Building a Pi Kubernetes Cluster – Part 3 – Worker Nodes and MetalLB

Building a Raspberry Pi Kubernetes Cluster - part 3 - worker nodes featured image

This is the third post in this series and the focus will be on completing the Raspberry Pi Kubernetes cluster by adding a worker node. You’ll also setup a software based load-balancer implementation designed for bare metal Kubernetes Clusters by leveraging MetalLB.

Here are some handy links to other parts in this blog post series:

By now you should have 1 x Pi running as the dedicated Pi network router, DHCP, DNS and jumpbox, as well as 1 x Pi running as the cluster Master Node.

Of course it’s always best to have more than 1 x Master node, but as this is just an experimental/fun setup, one is just fine. The same applies to the Worker nodes, although in my case I added two workers with each Pi 4 having 4GB RAM.

Joining a Worker Node to the Cluster

Start off by completing the setup steps as per the Common Setup section in Part 2 with your new Pi.

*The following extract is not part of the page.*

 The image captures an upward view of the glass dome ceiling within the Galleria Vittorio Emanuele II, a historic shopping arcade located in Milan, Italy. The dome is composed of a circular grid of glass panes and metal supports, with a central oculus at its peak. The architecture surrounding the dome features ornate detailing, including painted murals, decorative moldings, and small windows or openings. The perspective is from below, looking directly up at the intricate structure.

Once your new Worker Pi is ready and on the network with it’s own static DHCP lease, join it to the cluster (currently only the Master Node) by using the kubeadm join command you noted down when you first initialised your cluster in Part 2.

E.g.

sudo kubeadm join 10.0.0.50:6443 --token kjx8lp.wfr7n4ie33r7dqx2 \
     --discovery-token-ca-cert-hash sha256:25a997a1b37fb34ed70ff4889ced6b91aefbee6fb18e1a32f8b4c8240db01ec3

After a few moments, SSH back to your master node and run kubectl get nodes. You should see the new worker node added and after it pulls down and starts the weave net CNI image it’s status will change to Ready.

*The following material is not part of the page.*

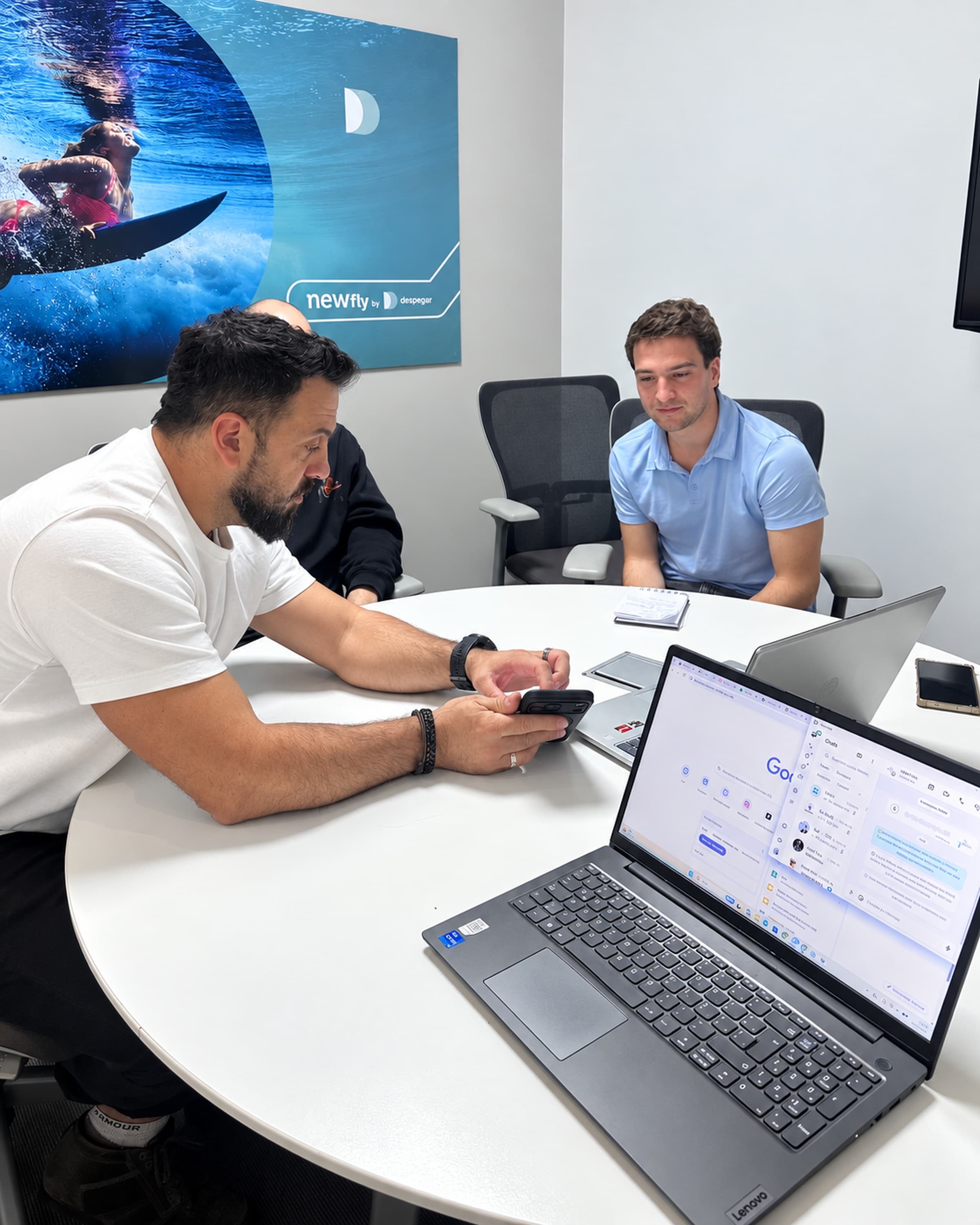Tres personas del equipo de LIA y del cliente trabajan alrededor de una mesa con notebooks y un celular en una oficina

kubernetes worker node added to cluster

Setting up MetalLB

The problem with a ‘bare metal’ Kubernetes cluster (or any self-installed, manually configured k8s cluster for that matter) is that it doesn’t have any load-balancer implementation to handle LoadBalancer service types.

When you run Kubernetes on top of a cloud hosting platform like AWS or Azure, they are backed natively by load-balancer implementations that work seamlessly with those cloud platform’s load-balancer services. E.g. classic application or elastic load balancers with AWS.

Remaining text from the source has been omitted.